TRAVIS THOMAS: I don't know. They're just really cool. They-- they're kind of neat animals.
ELAH FEDER: So Annie, I was in Florida a few months ago.
ANNIE MINOFF: Yeah.
ELAH FEDER: And that was me on a boat out on the Suwannee River trying to get Travis Thomas to explain to me what is so special about turtles. Travis is doing a PhD on turtles. He's been chasing them since he was a kid. And I just wanted to know, like, why did you choose these animals?
TRAVIS THOMAS: They have shells, which is kind of cool, you know, for vertebrates to have shells.
ELAH FEDER: But I wasn't really satisfied with this answer, so eventually I try this. Do you think you connect to turtles because they, too, are mellow?
TRAVIS THOMAS: You think I'm just mellow, huh?
ELAH FEDER: I don't think Travis really likes being called mellow. Sorry, Travis. But it was his ability to keep his cool that really struck me talking to him about this thing that happened to him a few years ago. So it started in 2013. Travis was a grad student at the University of Florida, studying--
ANNIE MINOFF: Turtles?
ELAH FEDER: Yes. And in 2013, he thought he was on the verge of a major scientific honor. He and his team were about to declare not one, but two new species of turtle. This is something they'd been working on for years, and finally--
TRAVIS THOMAS: We were at the finish line. We were at the goal line. We were formatting a draft manuscript.
ELAH FEDER: And as lead author, Travis was going to get to name those two new species of turtle. Give these species names that would live on into scientific eternity, more or less. But then, one day, he gets an email from one of his mentors.

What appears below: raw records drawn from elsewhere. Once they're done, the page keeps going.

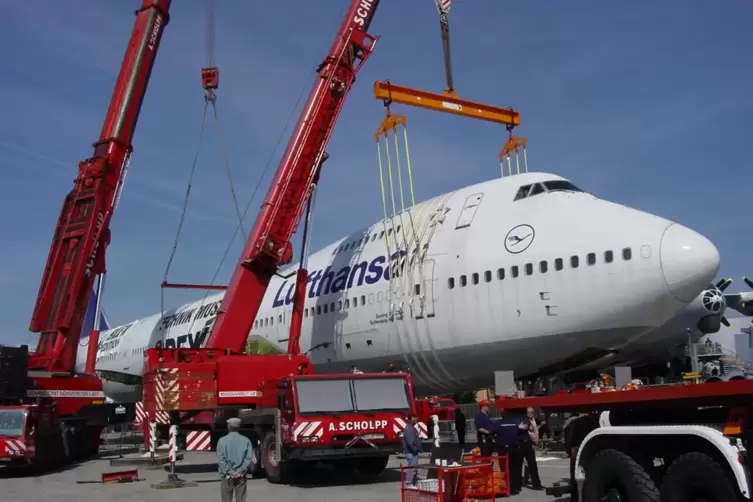 Hochgenommen: die Boeing 747 bei ihrer Installation. 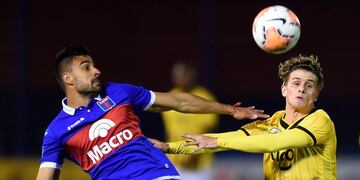 Paraguay's Guarani midfielder, Argentine Bautista Merlini (R) and Argentina's Tigre defender Diego Sosa vie for the ball during their closed-door Copa Libertadores group phase football match at the CA Tigre stadium in Tigre, Argentina, on October 1, 2020, amid the COVID-19 novel coronavirus pandemic\u002E (Photo by Marcelo Endelli / POOL / AFP)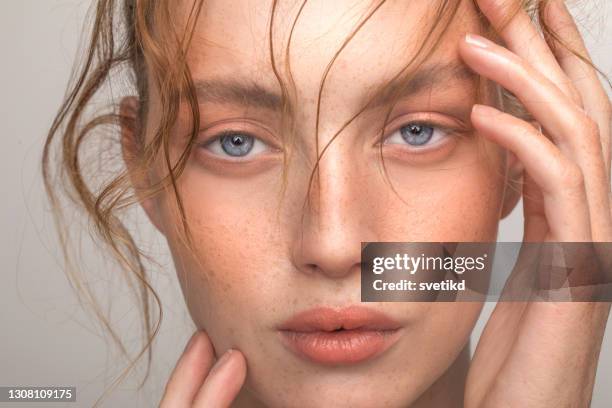 retrato de belleza de la joven - freckle fotografías e imágenes de stock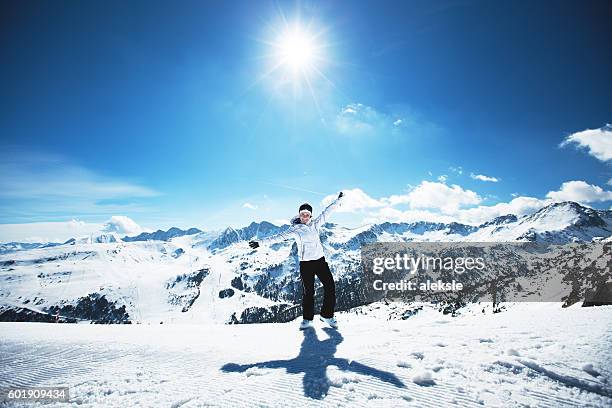 disfrutar de la naturaleza en las montañas - andorra ski fotografías e imágenes de stock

ANNIE MINOFF: This is how all bad stories begin-- with an email.
ELAH FEDER: They start with emails. Yeah. And this email says, basically, have you seen this thing? There's a PDF attached. Travis opens it up. And it's a paper about alligator snapping turtles-- the turtles that he is studying.
ANNIE MINOFF: So he got scooped.
ELAH FEDER: Yeah. Which, you know, this is a thing that happens in science. Sometimes--
ANNIE MINOFF: And journalism.
ELAH FEDER: And journalism. People get scooped. It sucks. You have to just deal with it and move on. This was a little different. Like, there were a few things that didn't really make sense to Travis about this paper. The descriptions of the animals didn’t really match what he had seen. But this was even stranger for Travis. There was no method section, there was no results section. Basically, this paper did not describe any new scientific evidence. And then there was the author.

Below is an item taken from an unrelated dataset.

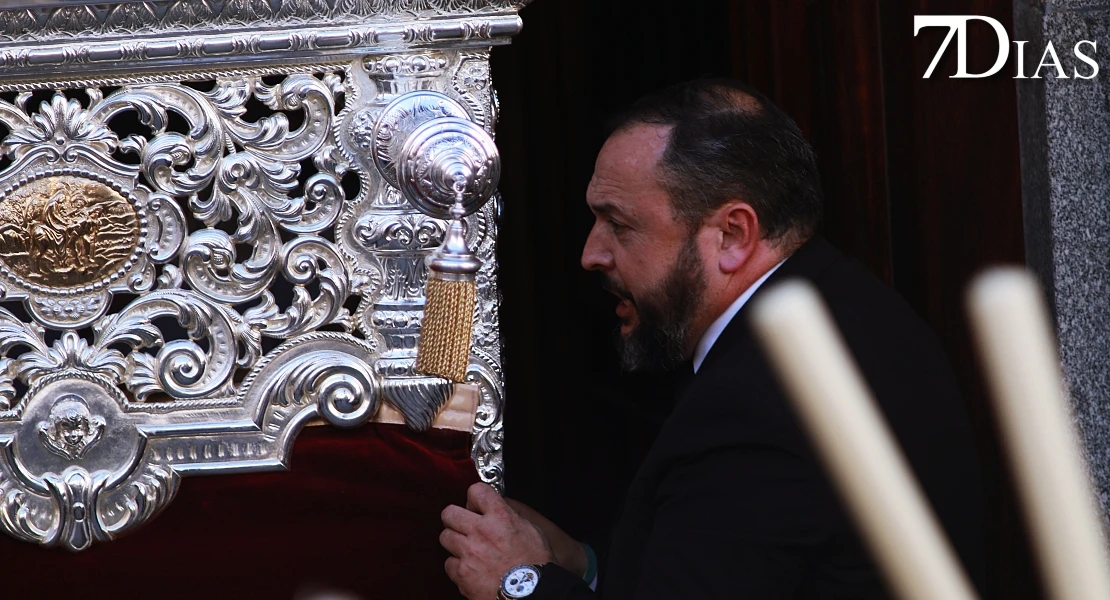 Las mejores imágenes de la salida de la Virgen de la Soledad de Badajoz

TRAVIS THOMAS: We sort of knew everybody that was working on alligator snapping turtles. It's a really small group.
ELAH FEDER: But this author? Total mystery. His name was Raymond Hoser. Email address? email@example.com.
ANNIE MINOFF: Travis didn't know who the Snake Man was, but other herpetologists-- people who study reptiles and amphibians-- they knew. Raymond Hoser, a.k.a. The Snake Man, is an amateur taxonomist in Australia who's named over 1,000 animals. Over 1,000. Mostly snakes. Also lizards, the occasional turtle. Other herpetologists have accused him of flooding their field with shoddy work, even plagiarizing.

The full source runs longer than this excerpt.